CompFUSE / DCA

DCA++
BSD 3-Clause "New" or "Revised" License
36 stars 28 forks source link

[WIP] Adios2 main dca debugging #237

Closed PDoakORNL closed 3 years ago

PDoakORNL commented 3 years ago

This brings adios2 up to date with current master, but I expect it won't build in daint, working that out.

weilewei commented 3 years ago

For documenting purpose: On Summit, gcc/8.1.1 and cuda/10 doesn't work well as I got the following error. The error goes away when I update cuda to 11 and use gcc/8.1.1 & magma/2.5.4-cuda11.1.

CMake Error at /autofs/nccs-svm1_sw/summit/.swci/0-core/opt/spack/20180914/linux-rhel7-ppc64le/gcc-4.8.5/cmake-3.18.2-cirtl5oah4d6bequfcoji6jbetertrna/share/cmake-3.18/Modules/CMakeTestCUDACompiler.cmake:52 (message):
  The CUDA compiler

    "/sw/summit/cuda/10.1.243/bin/nvcc"

  is not able to compile a simple test program.

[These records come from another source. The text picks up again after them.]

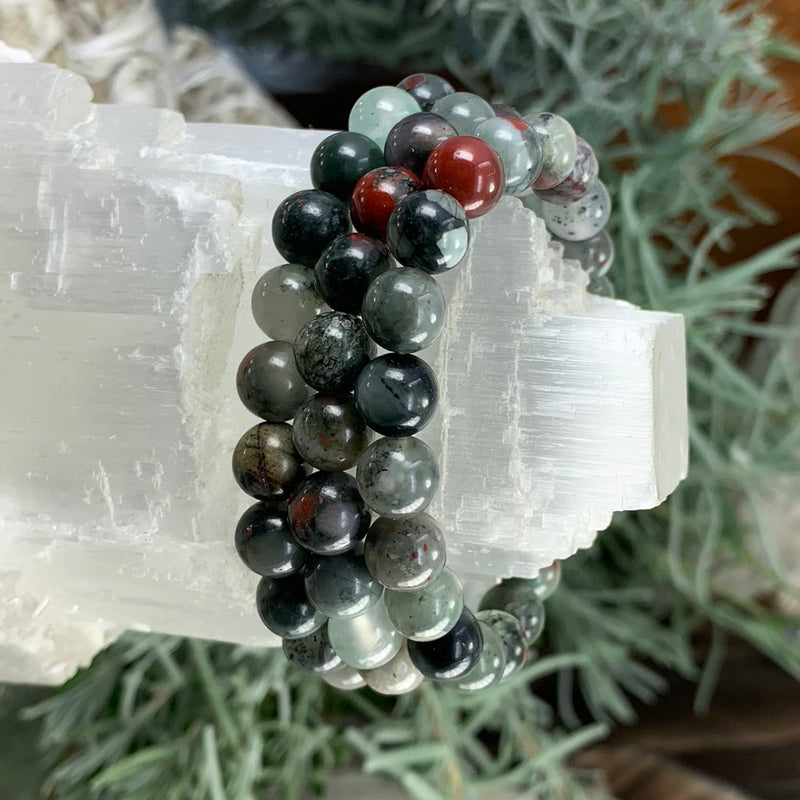 Pulsera de piedra de sangre africana Mala con bolsa de terciopelo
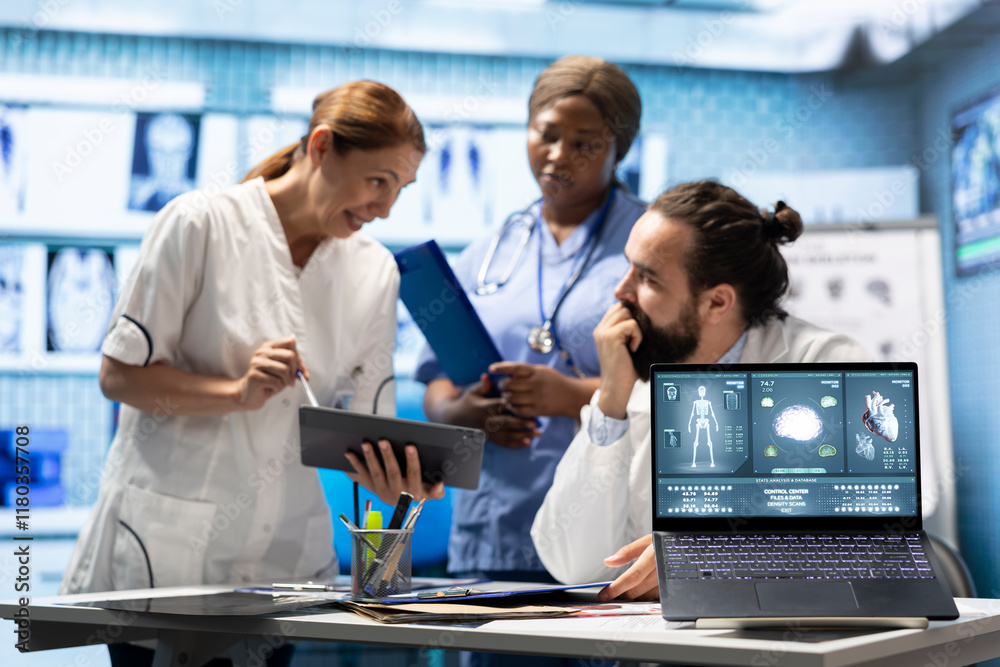 Fototapeta premium Doctors cardiologist analyze human anatomy scans to check heart condition in a treatment center. Team of licensed specialists working together to provide diagnostic and insurance services.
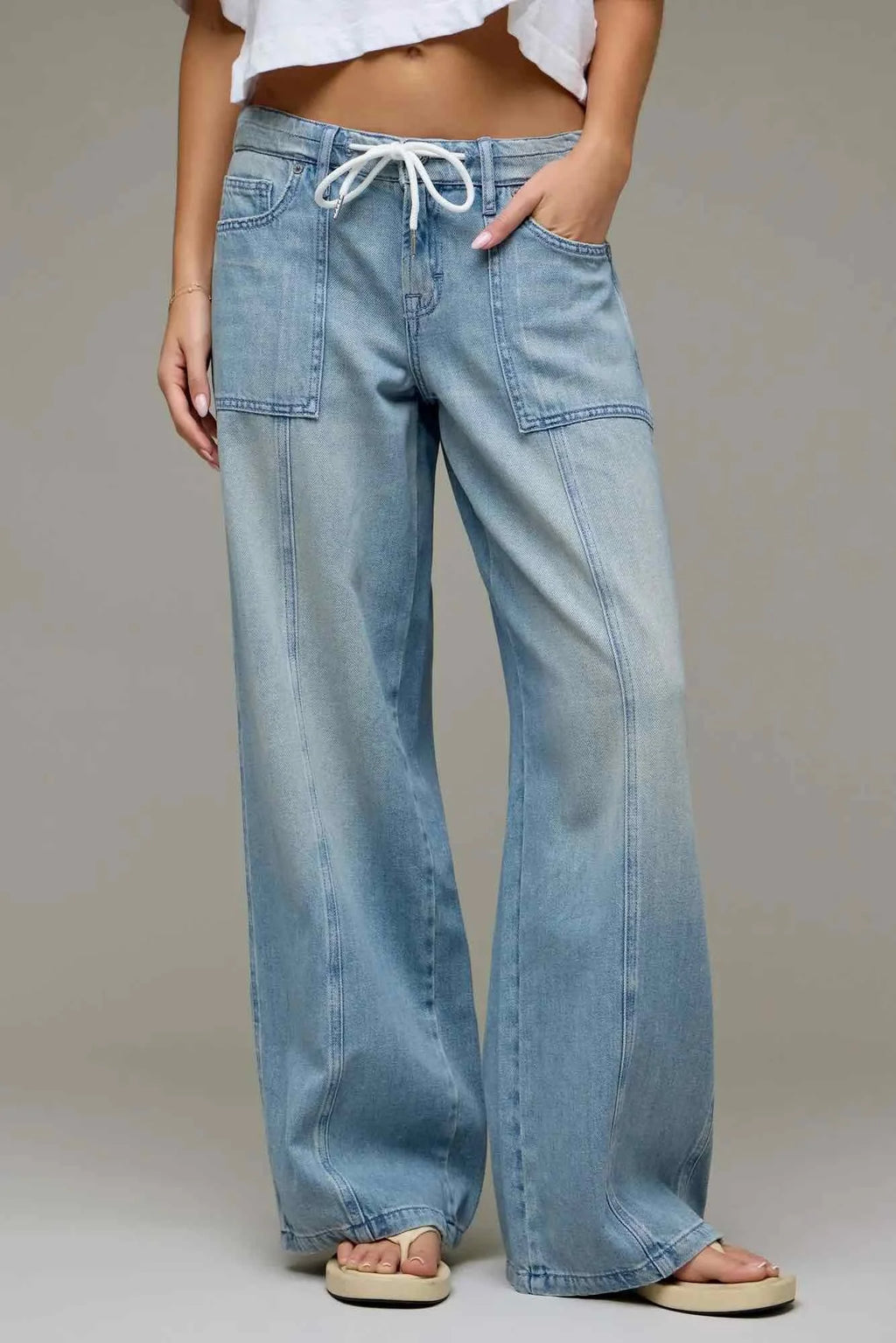 A person wearing light-wash wide-leg denim jeans with a white drawstring waist, shown from the waist down against a plain light gray studio background.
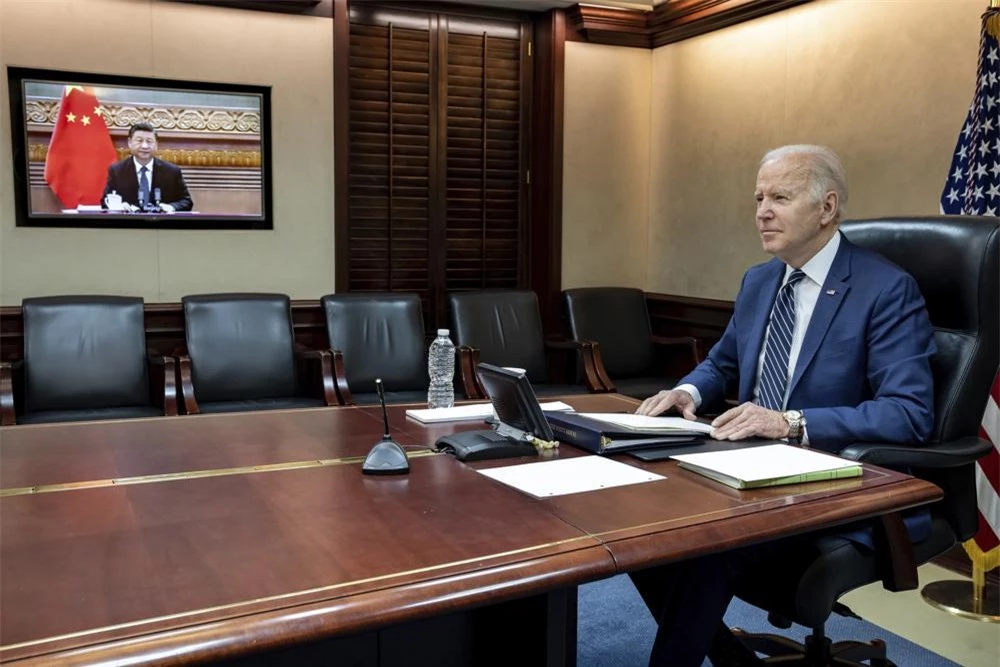 In this image provided by the White House, President Joe Biden meets virtually from the Situation Room at the White House with China’s Xi Jinping, Friday, March 18, 2022, in Washington. (The White House via AP)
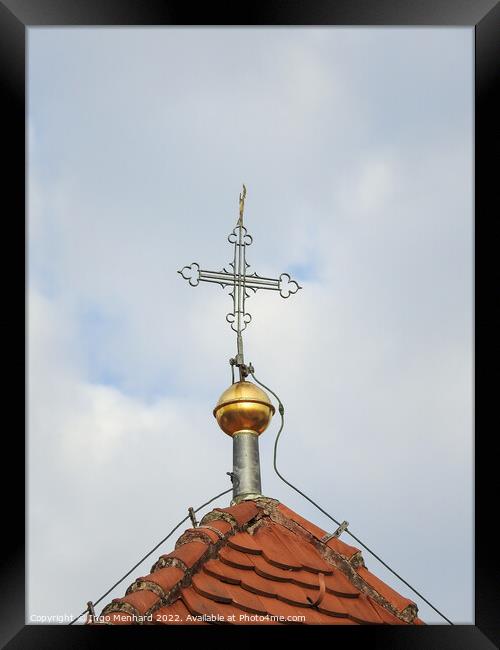 A vertical shot of a metallic cross on a cloudy sky background. Framed Print by Ingo Menhard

  It fails with the following output:

    Change Dir: /gpfs/alpine/proj-shared/cph102/weile/dev/src/adios2/DCA-2/build/CMakeFiles/CMakeTmp

    Run Build Command(s):/usr/bin/gmake cmTC_a16eb/fast && /usr/bin/gmake  -f CMakeFiles/cmTC_a16eb.dir/build.make CMakeFiles/cmTC_a16eb.dir/build
    gmake[1]: Entering directory `/gpfs/alpine/cph102/proj-shared/weile/dev/src/adios2/DCA-2/build/CMakeFiles/CMakeTmp'
    Building CUDA object CMakeFiles/cmTC_a16eb.dir/main.cu.o
    /sw/summit/cuda/10.1.243/bin/nvcc      -c /gpfs/alpine/proj-shared/cph102/weile/dev/src/adios2/DCA-2/build/CMakeFiles/CMakeTmp/main.cu -o CMakeFiles/cmTC_a16eb.dir/main.cu.o
    /autofs/nccs-svm1_sw/summit/gcc/8.1.1/include/c++/8.1.1/type_traits(347): error: identifier "__ieee128" is undefined

    /autofs/nccs-svm1_sw/summit/gcc/8.1.1/include/c++/8.1.1/bits/std_abs.h(101): error: identifier "__ieee128" is undefined

    /autofs/nccs-svm1_sw/summit/gcc/8.1.1/include/c++/8.1.1/bits/std_abs.h(102): error: identifier "__ieee128" is undefined

Similar error has been reported here: https://github.com/LLNL/blt/issues/341

weilewei commented 3 years ago

The DCA with adios2 support version compiles and runs.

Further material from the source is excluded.